*Problem to work on:* Extract, exactly as written, each line from the start of the records below to the line containing "vidaXL Eetkamerstoelen 4 st kunstleer wit vidaXL", both ends included; drop the pictures.

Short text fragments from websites
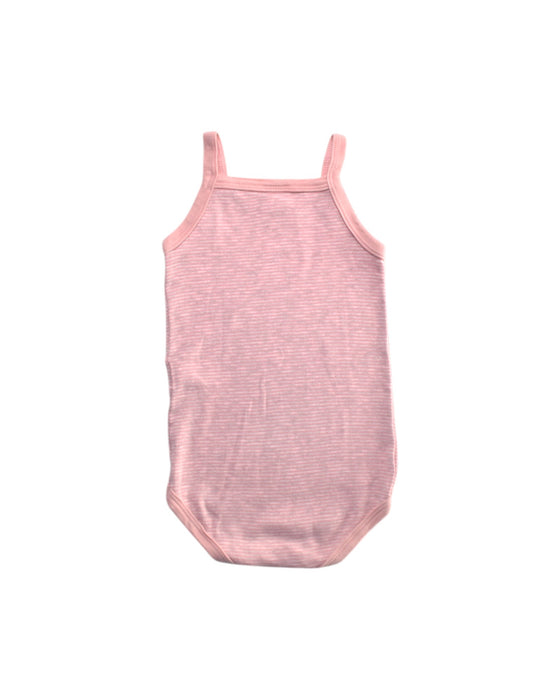A Pink Sleeveless Bodysuits from Petit Bateau in size 6-12M for girl. (Back View)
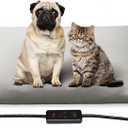 Toozey Medium Pet Heating Pad, 28x20 In, 6 Temp Settings, Timer, Waterproof, Chew-Resistant Cord, for Dogs and Cats (Grey)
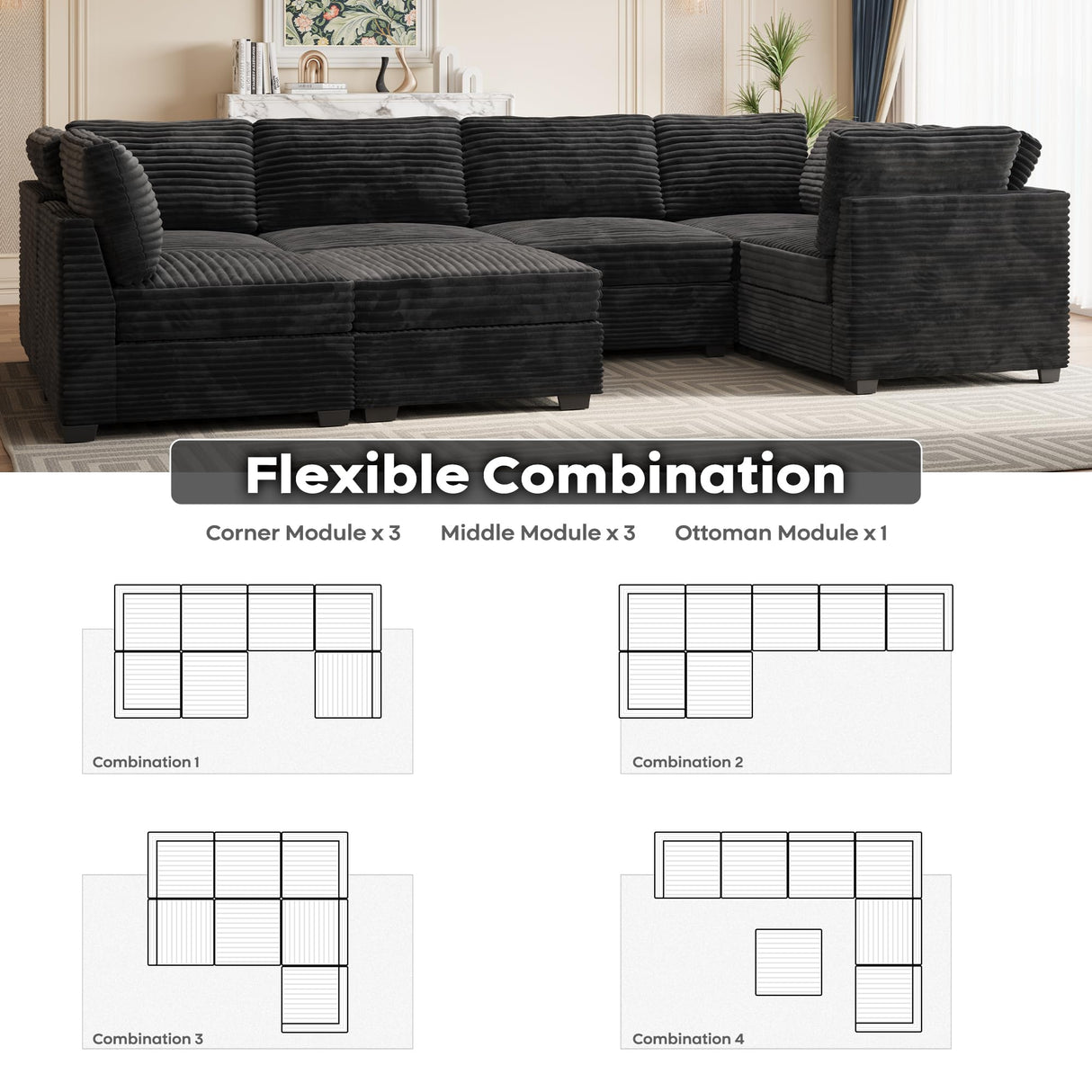 ovios 130.7" Modular Sectional Sofa Couch, U-Shaped Minimalist Couches with Sofa Bed Chaise, Modern Deep Seat Cloud Plush Corduroy Sofas Set for Living Room, 7 Seat, Black ovios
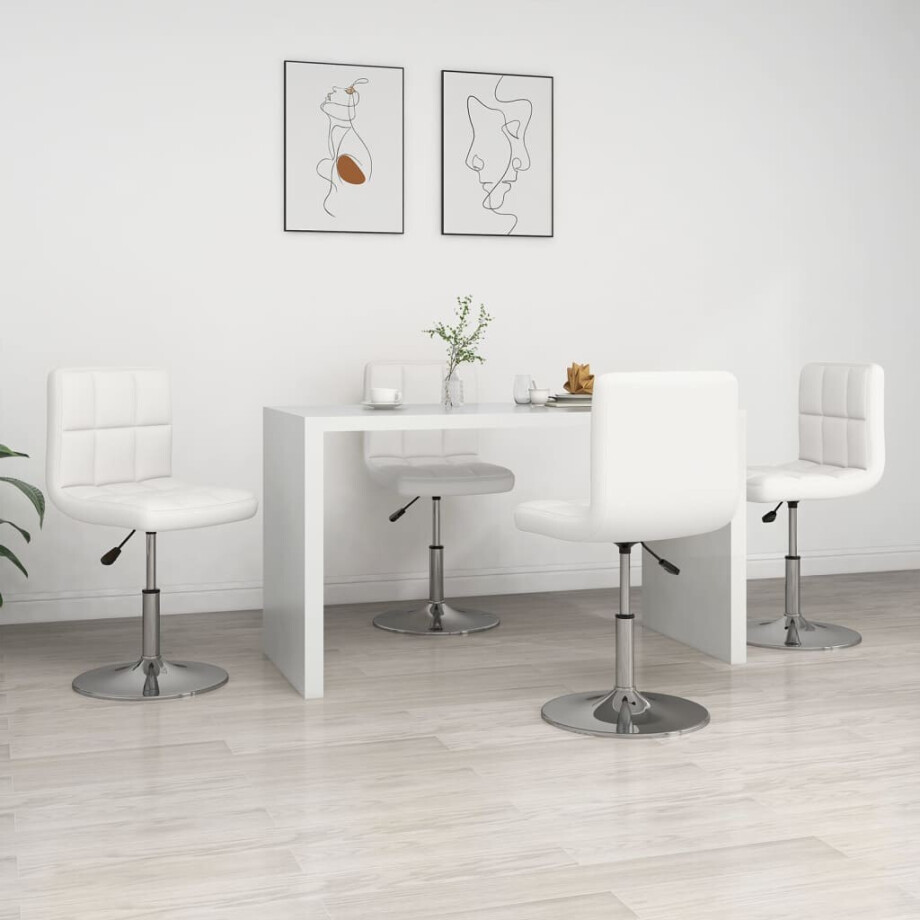 vidaXL Eetkamerstoelen 4 st kunstleer wit vidaXL Eetkamerstoelen 4 st kunstleer wit afbeelding 1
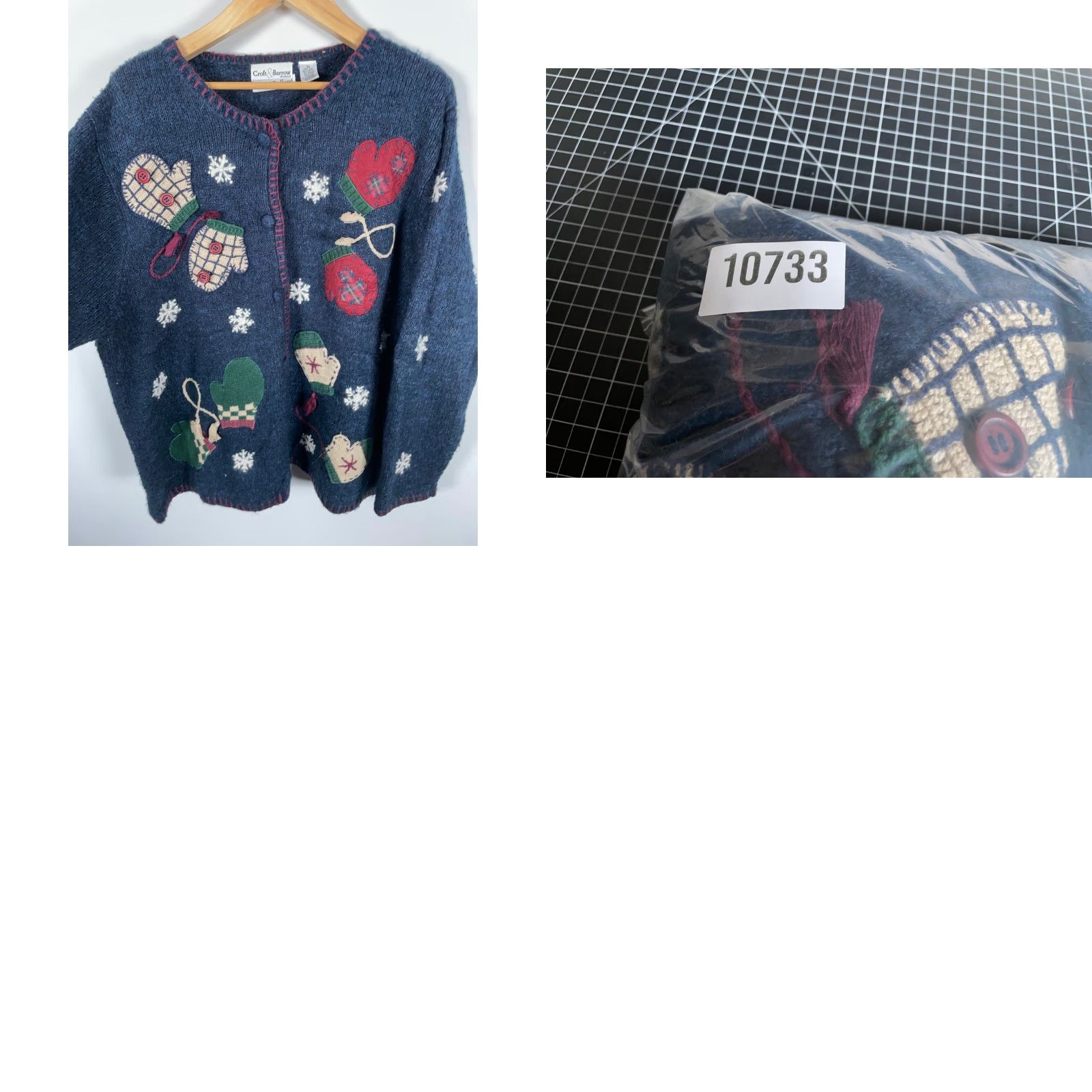 Croft & Barrow VINTAGE Croft & Barrow Cardigan Sweater 3X Women’s Handknit Mitten Applique Blue Crew Neck Long Sleeve Fall Winter 90s Teacher Womens Size XXL / US 16-18 / IT 52-54 - 9 Thumbnail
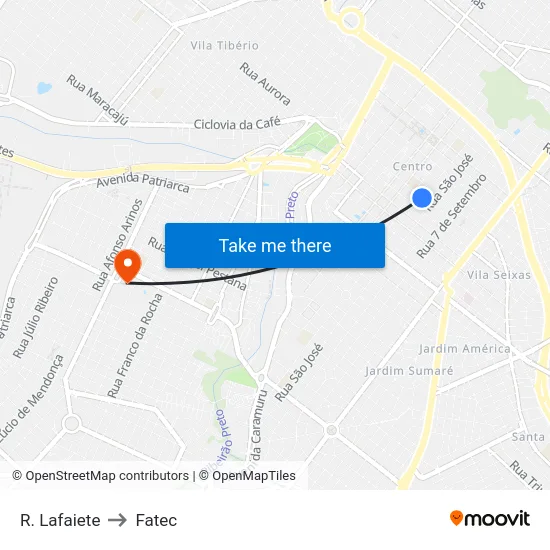 R. Lafaiete to Fatec map
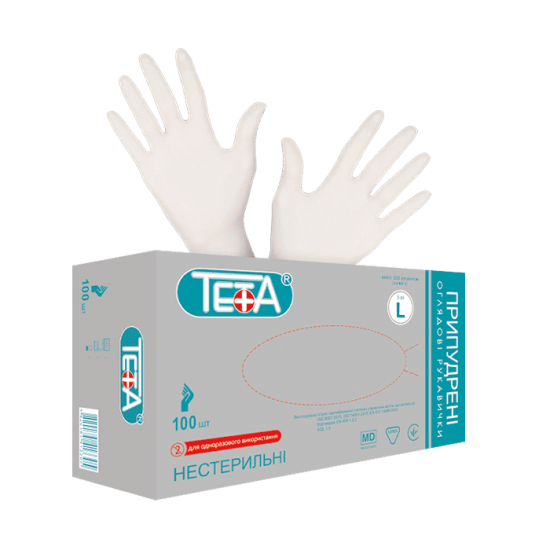 Рукавички медичні оглядові латексні неприпудрені Teta®, розмір L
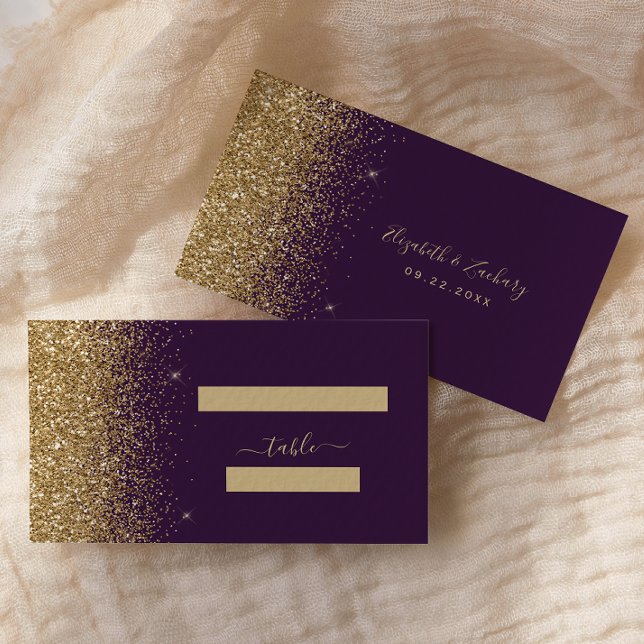 Modern Dark Purple Gold Glitter Wedding Place Card (Creator Uploaded)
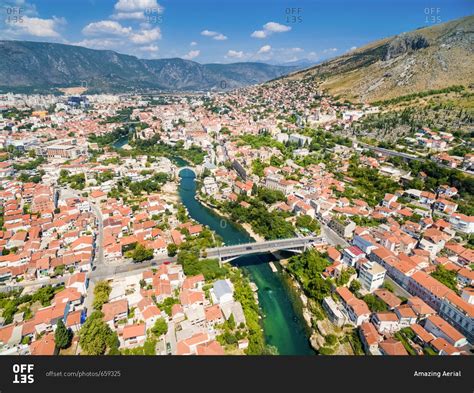 Aerial View Of City Of Mostar In Bosnia And Herzegovina And Its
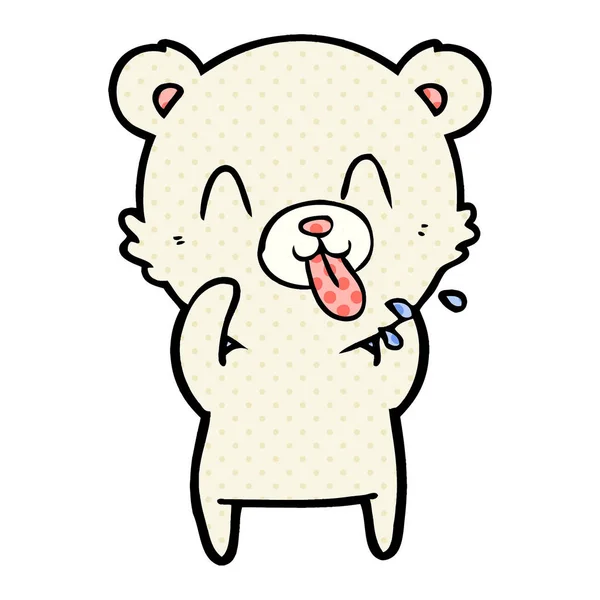 粗鲁的卡通北极熊伸出舌头 — 图库矢量图片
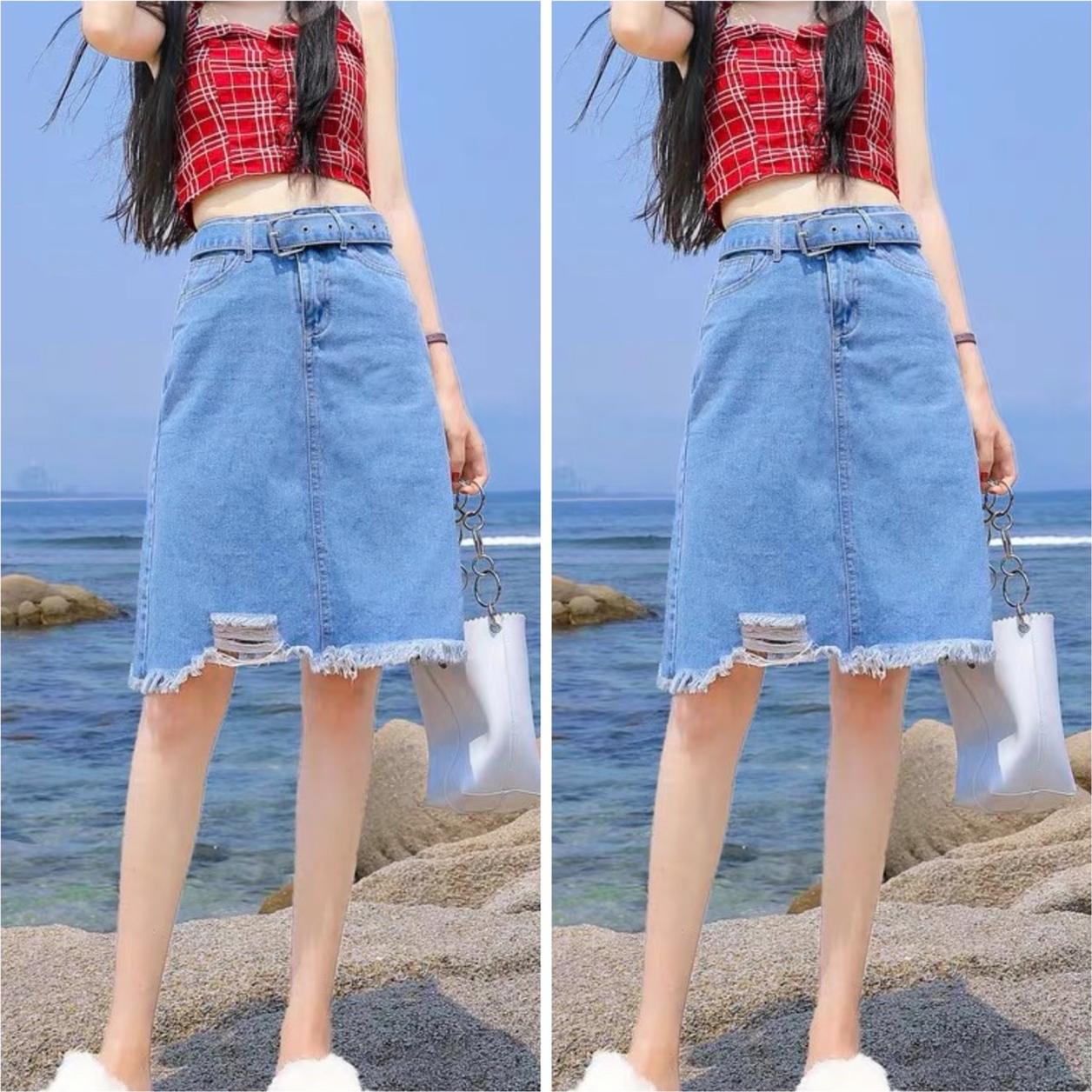CHÂN VÁY JEAN DÀI PHOM CHỮ A VẢI JEAN MỀM KHÔNG CO DÃN ms 1760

*Solution to the exercise:*
A Pink Sleeveless Bodysuits from Petit Bateau in size 6-12M for girl. (Back View)
 Toozey Medium Pet Heating Pad, 28x20 In, 6 Temp Settings, Timer, Waterproof, Chew-Resistant Cord, for Dogs and Cats (Grey)
 ovios 130.7" Modular Sectional Sofa Couch, U-Shaped Minimalist Couches with Sofa Bed Chaise, Modern Deep Seat Cloud Plush Corduroy Sofas Set for Living Room, 7 Seat, Black ovios
 vidaXL Eetkamerstoelen 4 st kunstleer wit vidaXL Eetkamerstoelen 4 st kunstleer wit afbeelding 1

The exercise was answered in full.